I’ve
been thinking a lot about art lately. I’ve taken on the monumental task of organizing
our local craft fair. The catch is that
there are a lot of “new” rules this year and with change comes resistance. Some of the resistance is just that the tables
are more expensive this year than last, others are upset that they must now
follow the Guidelines laid out by the Health Authority for safe preparation and
sale of foods. The things that catches
me is the concept of “handmade” this is
a craft fair and the criteria state that items have to be crafted in some
significant way. Nothing with the stamp “made
in china”. While sometimes this is easy – those cute little hand blown glass
beads are definitely hand crafted, and somebody spent a lot of time crocheting
little hats for babies. Whereas those Pashmina imports from India were screened
out as not locally handcrafted. But the
line gets blurry - does gluing a little
metal hello kitty charms onto hair clips count as a craft? or cutting elastic bands in short lengths and
tying a knot in the end? How about
machine embroidery – where you buy a program for a Snoopy image and then let
the machine do its thing on hand towels? Are my little packages of seasoning blends
hand crafted?
Which
takes me into a whole other realm – the business of art. Or craft. I spoke to a woman who makes her living on
her art once – she talked about her paintings, her prints, he workshops, and
then the rise in cute little crafty things on webpages such as Etsy.com and
maybe it was better to be selling cute little crafts rather than trying to
break into the realms of art collectors and galleries. She thought my spice packets were brilliant
in their own way. Maybe I need to spend
some time and put something up on Etsy.
I
have another artistic friend who is a photographer – who used to spend hours
and hours in her dark room but can no longer find the chemicals for her work as
film is slowly becoming obsolete. She now makes more money making handmade soap
than the delicate art of the dark room.
She suggested I watch a documentary called “Exit through the Giftshop”.
I
did. As a straight documentary, this
film is a snoozefest, an artist's love note to himself written in spray paint
on a public wall. But on another level
it blew my mind. It is about a French
immigrant who started filming graffiti artists, and eventually met some very
famous ones, who encouraged him to try making art. So he did…. But not in the fashion that I would
consider art – is it handmade – certainly… but not by our Parisian filmmaker. The fellow instead jumps in with two feet,
hires out of work artist and graphic designers – having them do the actual
creating of his ideas on an enormous scale.
The not so brilliant ideas he pawns off on these designers are largely
imitations of other renowned graffiti artists,
crossed with the use of famous artistic and historic images, many of which are
copyrighted, altering them in slight ways.
The documentary then follows him as he holds an “art show” in an
abandoned CBS builidng.
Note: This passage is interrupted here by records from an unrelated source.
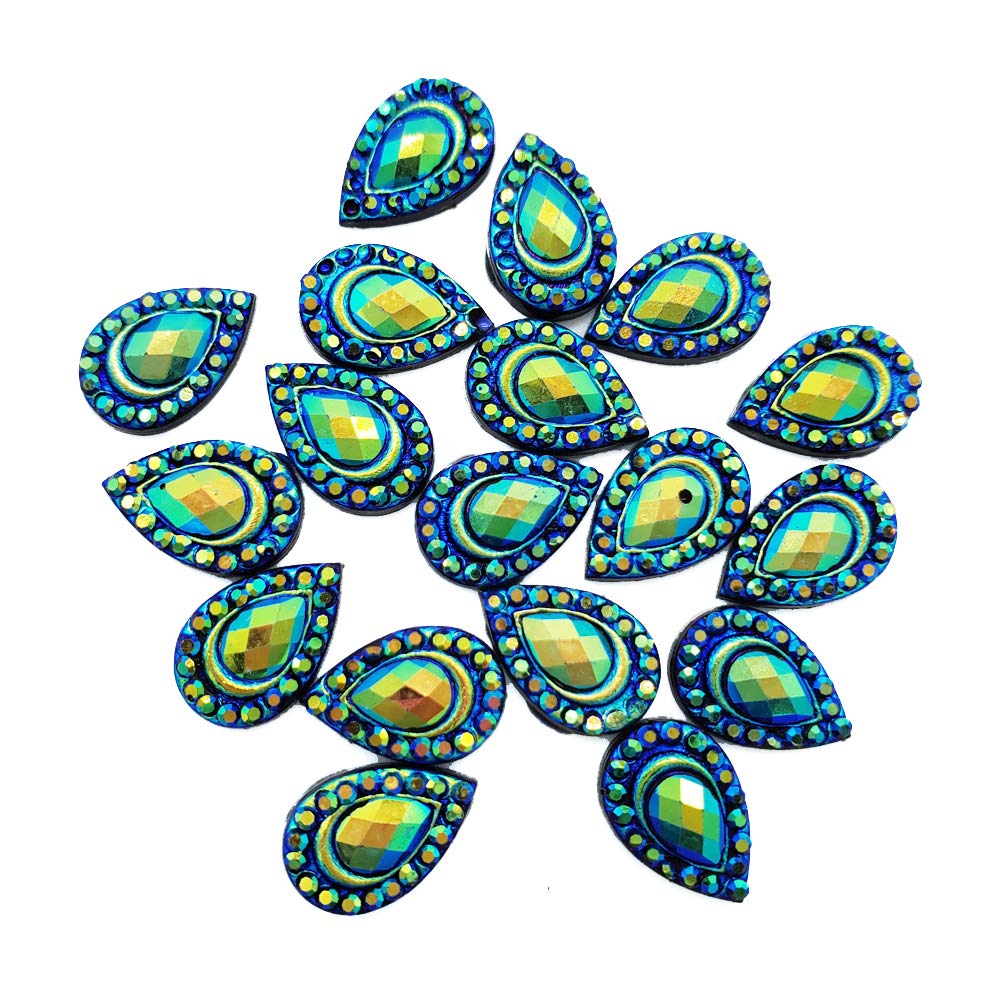 Peacock Teardrop Face Paint Gems - 12mm Flat Back Resin Rhinestones for Clown Makeup & Costume Accessories - 20/Pack for DIY Crafts, Halloween, and Party Decor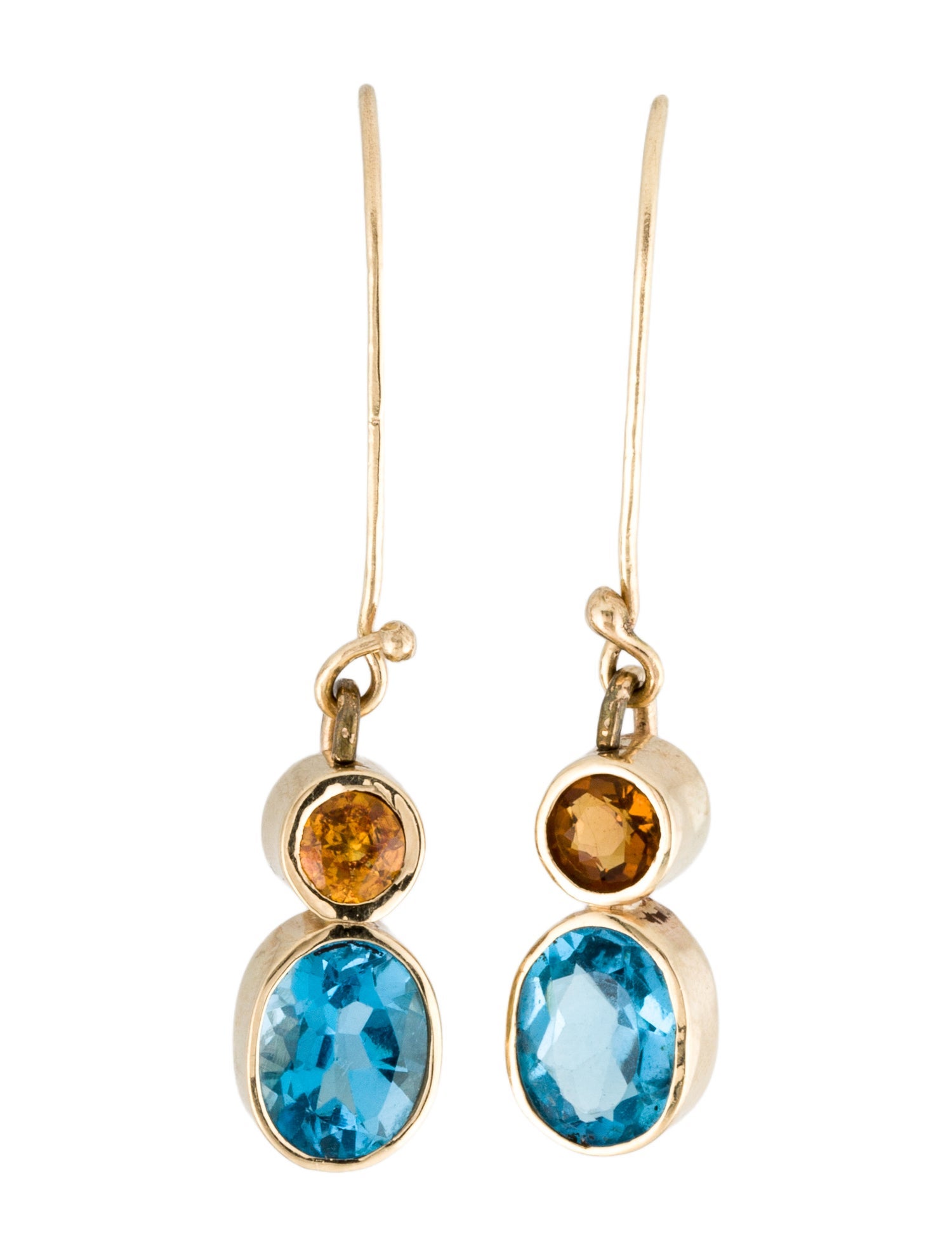 Earrings 3.88ctw Topaz, Sapphire, & Citrine Drop Earrings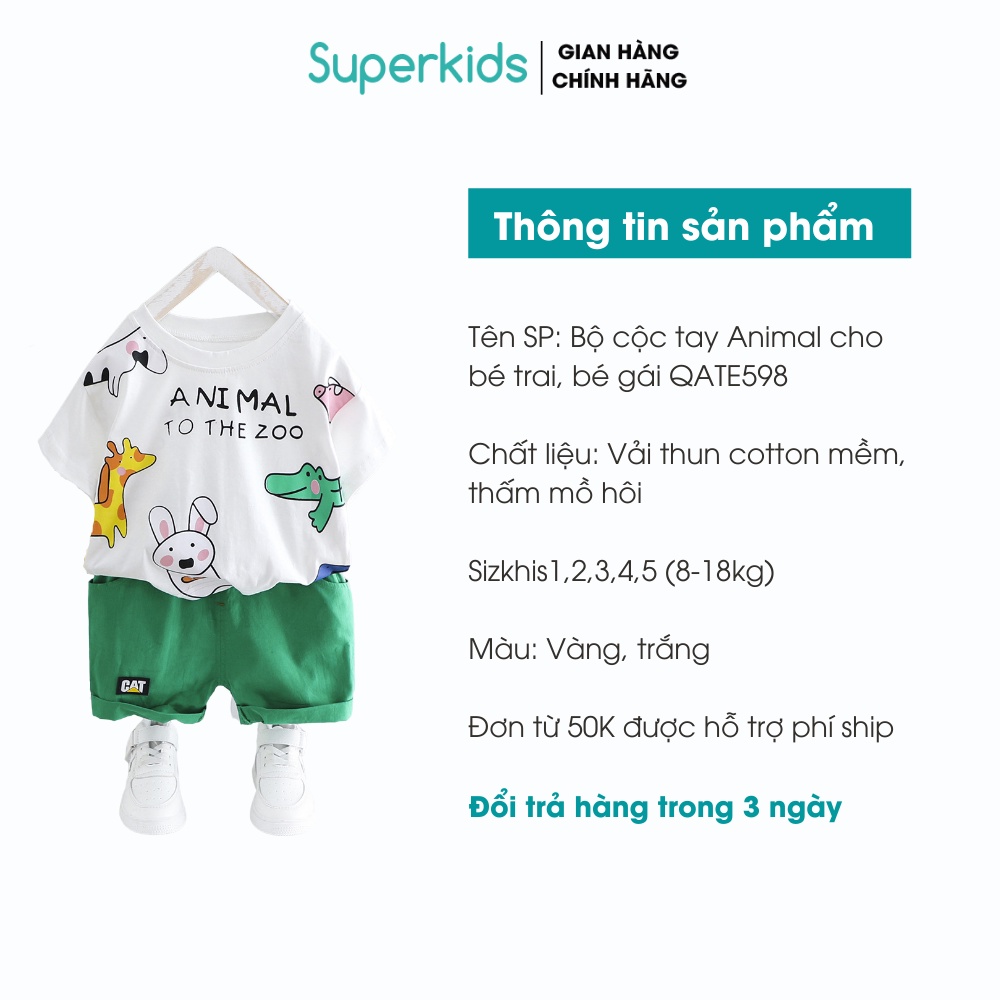 Bộ cộc tay Animal cho bé trai, bé gái QATE598, quần áo trẻ em Superkids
Marketing his
self-financed debut with mixture of an overheated and hyped street
art market and his misuse of endorsements from a few legendary graffiti
artists. Then comes the part that kills
me - this fellow who didn’t actually do
any of the creation of the installations himself, who didn’t seem to have one
original idea in his head sells this so called artwork made largely of
copyrighted material for five-figure
sums.
Art collectors
and people with lots and lots of money gobble up this “art” so his debut art
show is a soldout affair that brings in sums I’ve never even dreamed of. Over a million dollars in a matter of weeks….
So is this guy
brilliant, or just lucky? Does promotion
of Art give it value? How do you value
art? What really is handcrafted? and
what does this say about my own art? How
do I price my art? And what does it mean
to be an artist?
But if you want
some famous art- you too can own a pair of spray painted, Nike sneakers for
$1000 (http://www.mrbrainwash.com/store/storeproducts/justdidit.html)
–
or you can get
some not so famous art in the form of my
labour of love – Wynken, Blynken and Nod -
$15.99 which should be up on the Friesen’s Press bookstore website
within the week.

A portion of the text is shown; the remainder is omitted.